Since last month, organizations in Kyiv have been receiving inquiries from banks that transfer salaries to employees about those workers' assets, accounts in other financial institutions, their financial advisers, and whether they are "public figures."
The term "public figure" comprises current and former government officials and members of parliament and the judiciary and their families. The list also includes managers of state enterprises, diplomats, and military officials. Some banks do not explain the term in their inquires and, as a result, people are often confused by what it means.
In a response to an RFE/RL request, the National Bank of Ukraine said it is not collecting information from private banks about their clients. At the same time, it stressed that other banks have to gather such data in order to fight terrorism and economic crimes.

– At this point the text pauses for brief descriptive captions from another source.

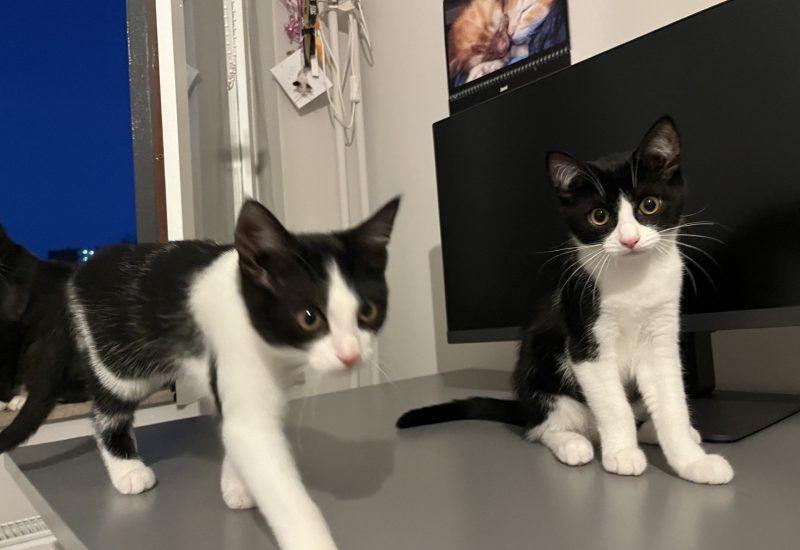 Asha en Leela nieuw b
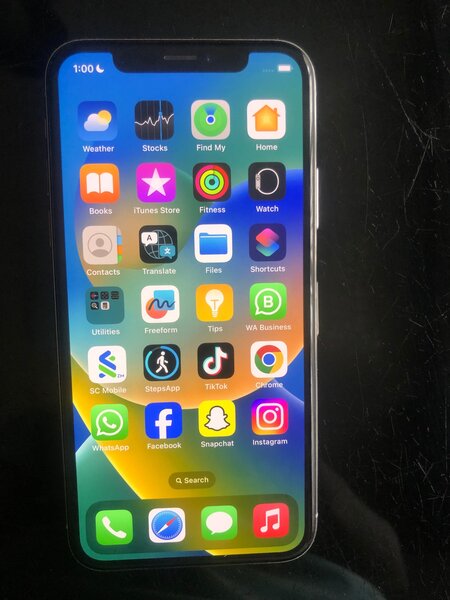 iPhone X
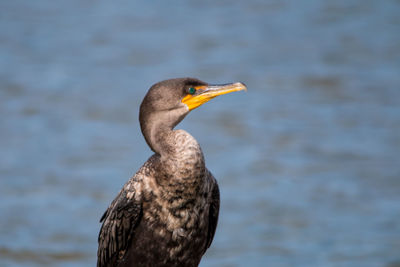 Close-up of bird in water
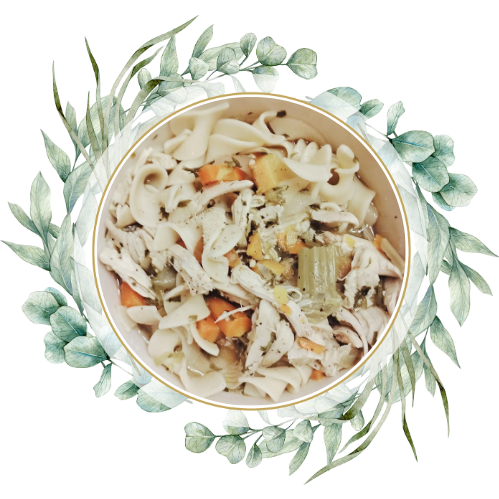Chicken Noodle Soup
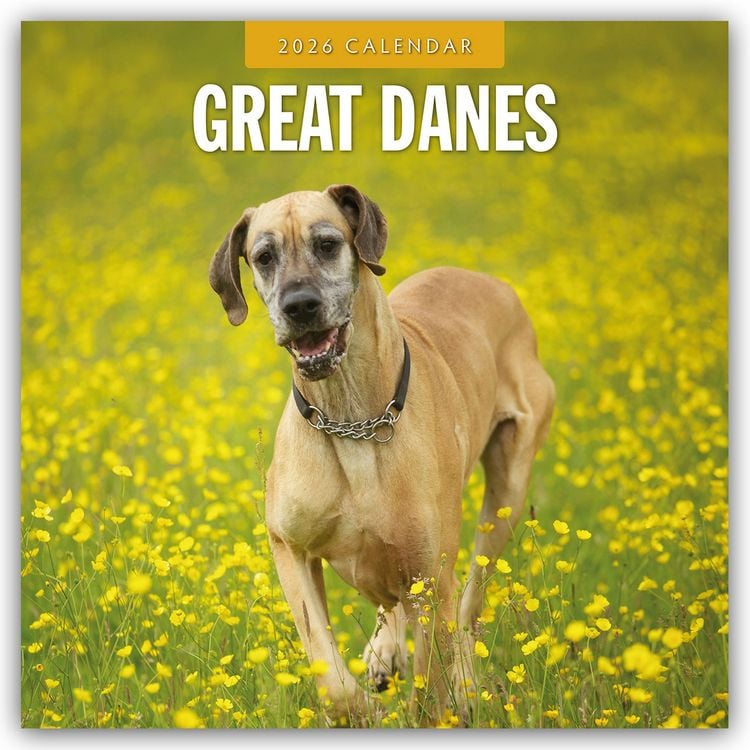 Produktbild: Great Danes – Deutsche Dogge 2026 – 16-Monatskalender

The National Bank of Ukraine said it compiled a questionnaire at the request of the international Financial Action Task Force (FATF). As a result, the FATF removed Ukraine from its monitoring black list earlier this month.
Some opposition politicians, however, fear the Ukrainian government is collecting confidential data about its opponents.
Andriy Pyshny, former acting chief of the state-run Oschadbank (Savings Bank) and now a member of the board of the opposition Front of Changes party, told RFE/RL that "the key question [in the questionnare] is whether you are a 'public figure.' Then, if needed, they can block operations or receive information about money entering and leaving your accounts."
Pyshny added that the national bank is helping to build "a police state in Ukraine." He linked the initiative to the parliamentary elections due in October 2012.
Some Ukrainian politicians suggest that Ukrainians can either sue their banks or simply lie about questions not relevant to their banking transactions.